I currently am creating a vector and fill it with random values( for this case the random values will be 1) once the vector is created i want to calculate the total sum which should be 100000000, I am using ones to test that the addition was done correctly.
My goal is to make this code more efficient and run faster, I would appreciate any suggestions
the code needs to utilize multithreading
#include <chrono>
#include <iostream>
#include <mutex>
#include <random>
#include <thread>
#include <vector>
#include <atomic>
// Constant vector size; 100,000,000
constexpr long long SIZE = 100000000;
// Dividing the vector into 4 equal parts
// first quarter: 0 --> size/4
constexpr long long FIRST_PART = (SIZE /4);
// second quarter: size/4 --> size/2
constexpr long long SECOND_PART = 2*(SIZE / 4);
// third quarter: size/2 --> 3*(size/4)
constexpr long long THIRD_PART = 3*(SIZE / 4);
// fourth quarter: 3*(size/4) --> end (size)
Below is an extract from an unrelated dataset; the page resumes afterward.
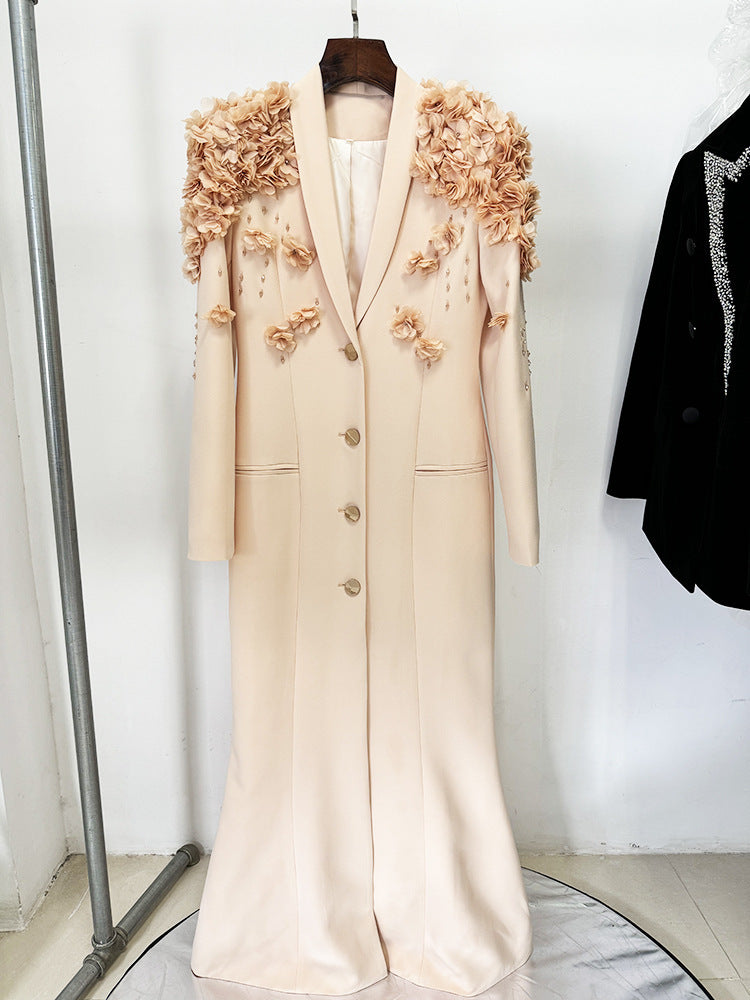 Three-dimensional Flower Dress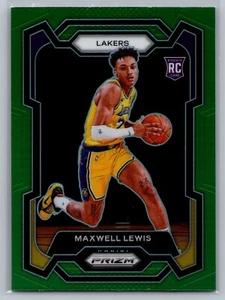 Maxwell Lewis Green Prizm Rookie Lakers 2023-24 Panini Prizm Basketball - Picture 1 of 2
constexpr long long FOURTH_PART = SIZE;
// Global mutex to guard the shared variable
std::mutex myMutex;
Here is my function to total the vector
void findSum(unsigned long long& sum,
const std::vector<int>& myVector,
unsigned long long begin,
unsigned long long end) {
for (auto it = begin; it < end; ++it) {
// create a lock to guard the shared variable
// no need to unlock the lock "myLock" when using luck_guard
// it is unlocked implicitly after executing the statement.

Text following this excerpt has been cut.